AP-Togo et les acteurs en charge de la gestion frontalière en réflexion pour baliser la voix aux commerçantes transfrontalières.

L’esprit de la création de la communauté Economique des Etats de l’Afrique de l’Ouest (CEDEAO) était et reste la facilitation de la circulation des biens et personnes des pays membres. Mais force est de constater que malgré la promulgation des lois en faveur de cette libre circulation, les commerçants en particuliers les femmes commerçantes rencontrent beaucoup de difficultés lors de leur passage aux frontières. C’est pour apporter une solution à cette situation que l’Association AP-Togo a tenu une rencontre le 27 novembre dernier à Lomé avec tous les acteurs impliqués dans la gestion des frontières.

Il était question lors de cette rencontre d’échanges de faire remonter les difficultés qu’éprouvent les femmes commerçantes transfrontalières grâce à leurs témoignages, les sensibiliser sur les procédures et les documents nécessaires pour la traverser des frontières mais également amener les agents en charge des frontières à prendre connaissance de ces difficultés afin d’apporter des solutions idoines et durables.
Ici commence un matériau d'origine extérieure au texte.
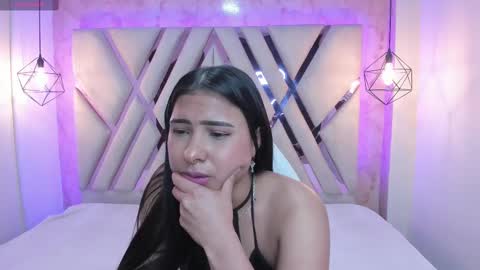 Snapshot of verabest chatting on 12.16.24 Domelipa online show from 12.16.24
Axé autour du thème « organiser des réunions avec les structures en charges de la gestion des frontières sur les questions liées aux femmes impliquées dans le commerce transfrontalier et leur droits » la rencontre des trois séances furent un créneau pour la modératrice de faire un panorama des actions déjà entrepris par AP-Togo allant dans ce sens soixante (60) femmes. Il a également exposé les résultats de leurs études à l’endroit des femmes commerçantes transfrontalières. Il ressort de son exposé que la première entrave à leur activité de commerçante transfrontalière est l’ignorance. En effet, ces femmes pensent qu’il est très couteux d’exercer ce métier en suivant les voies conventionnelles. Le second obstacle est la sous information car les ignorent qu’il existe un schéma de libéralisation des Echange adopté par la CEDEAO. En outre elles ne connaissent pas les avantages liés à leur organisation en réseau et groupement. Par ailleurs on note également le manque de volonté politique des décideurs à prendre à bras le corps les difficultés qu’elles éprouvent. Enfin, il faut souligner le manque d’intégration du protocole dans les textes juridiques nationaux et l’absence des institutions de recours au niveau des frontières pour assister ces femmes dans la défense de leurs droits en cas de problème.
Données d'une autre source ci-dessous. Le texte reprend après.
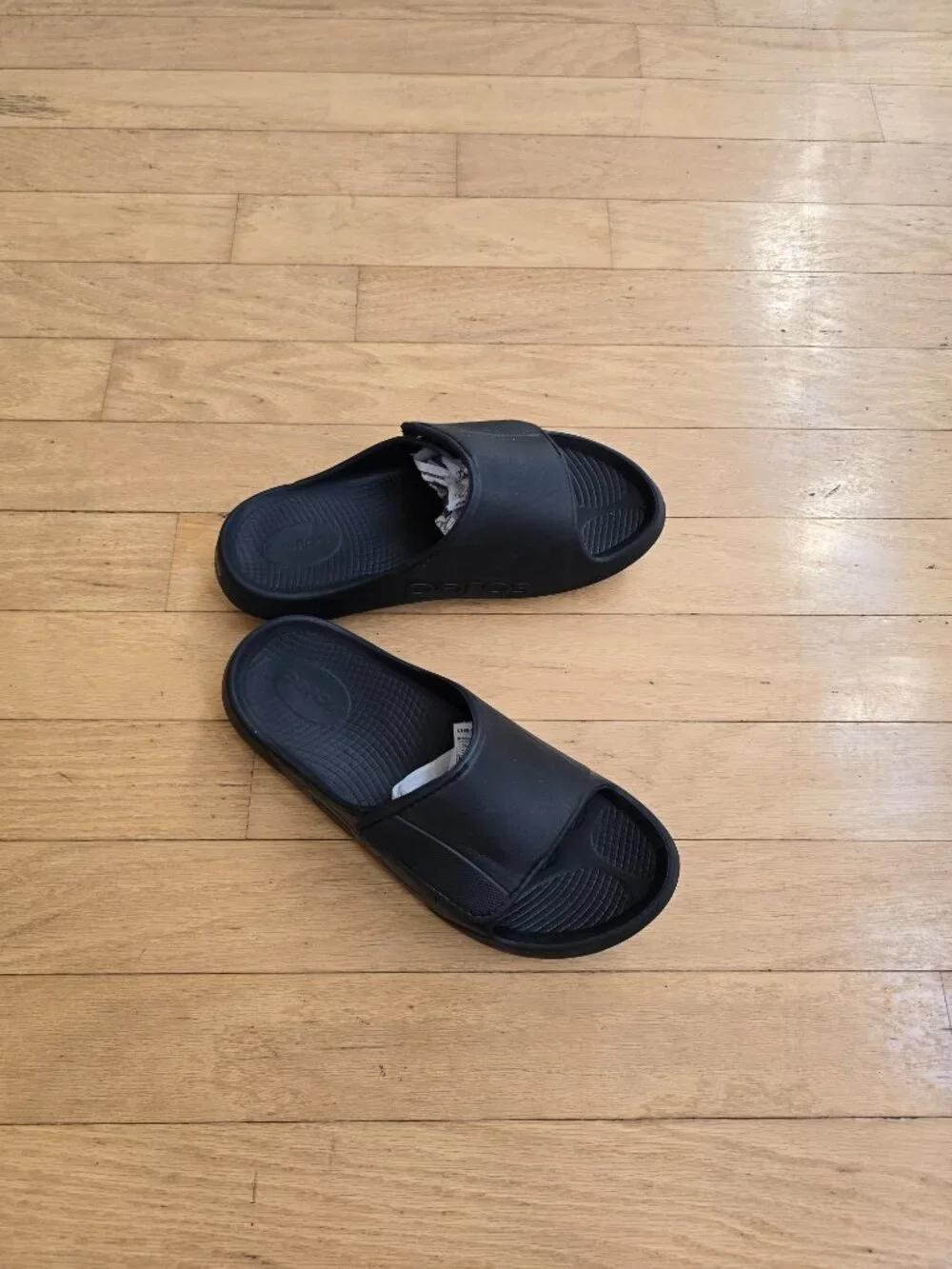 OOFOS | OOahh black monochrome sporty adjustable recovery slides | MENS 10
Au cours de ces échange, le problème majeur soulevé par les femmes reste la raquette. Pour pallier ce problème, le numéro vert de lutte contre la corruption a été communiqué aux femmes.  

Par ailleurs, AP-Togo par la voix de sa directrice exécutive, Madame Panakinaou Piyalou a promis de convier les chauffeurs transporteur de marchandise à une réunion de formation et d’échange. Elle a également salué les participants(es) pour avoir honorer de leur présence à cette rencontre. Madame Panakinaou a également témoigné sa gratitude et reconnaissance l’African Women’s Development Fund (AWDF) pour son soutien financier et matériel.